With these archetypes and associations in mind, it is not difficult to see why Bazin and his disciples at Cahiers du cinema held up the work of American director John Ford as a key example, alongside that of Alfred Hitchcock and Howard Hawks, of their blossoming Auteur Theory. Though it was certainly not the first of its kind, the success of Ford’s Stagecoach (1939) meant that it set many of the standards by which Bazin and other critics judge the cinematic Western. Seven years later, Ford made My Darling Clementine (1946), a picture that conforms perfectly to Bazin’s formulation of the two women of the Western. The titular Clementine Carter is the Ideal Woman, a sophisticated lady from New England. The Fallen Woman is Chihuahua, a singer in the local saloon and a prostitute.

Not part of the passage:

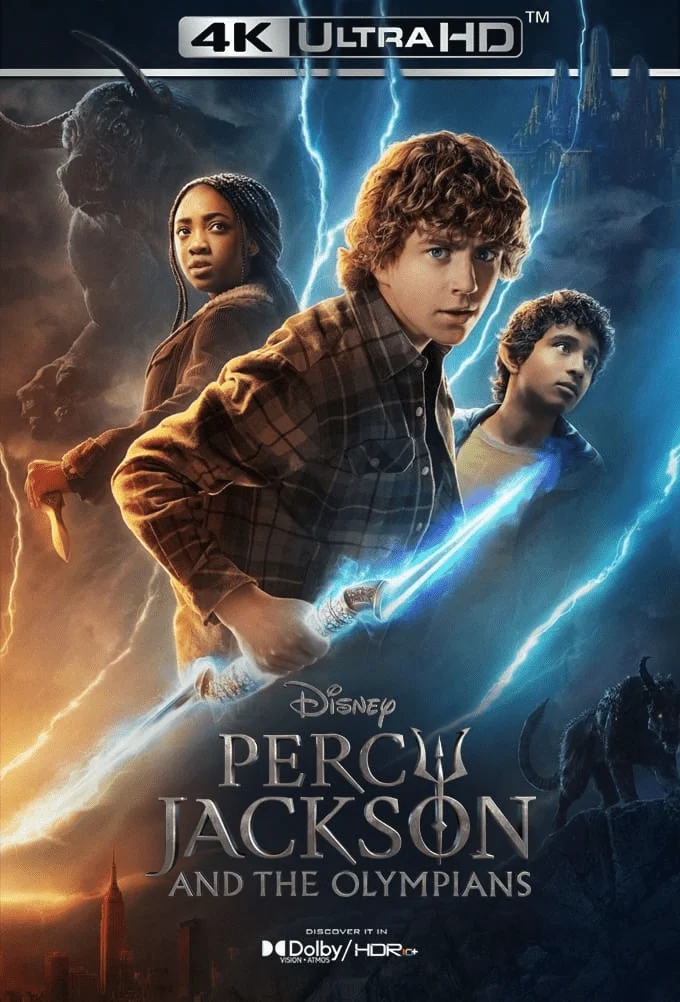 <4K>Percy Jackson and the Olympians (2024) [Complete] WEB-DL 480p/720p/1080p/2160p (English Subtitle)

Bazin considers these basic principles to be the kernel of the drama of the Western, a stance exemplified by the plot of My Darling Clementine. Wyatt Earp (Henry Fonda) takes the job of town marshal in Tombstone, Arizona, in order to find the infamous Clantons, the men that killed his brother and rustled his cattle, forming an uneasy alliance with Doc Holliday. Clementine, Holliday’s former lover from his days back East, arrives in Tombstone and Earp falls in love with her, as Chihuahua falls in love with him. Culminating in the famous Gunfight at the O. K. Corral, the plot resolves according to Bazin’s specifications[2].
This violent climax is Doc and the Earps’ last resort; the Clantons refuse a peaceful solution and must be dispatched. They, like many other savage forces before them, stand in the way of the formation of a new world in Christianity’s image. Interestingly, though, the heroic Doc Holliday also does not fit into this world. Like John Wayne’s characters in Stagecoach before and The Man Who Shot Liberty Valance (1962) after, he is a violent man, a coarse, if noble, remnant of the old world. The cleansing fire of justice purges the good and the evil alike, if they are unwilling or unable to conform to the new standards of righteousness and peace. And Bazin saw that it was good.
[1] It is also convenient at this point to note that I do not intend to imply Bazin is trying to hide any of his Christian leanings from his readers.
[2] It may be more accurate to say Bazin’s specifications were formed by this and other films like it.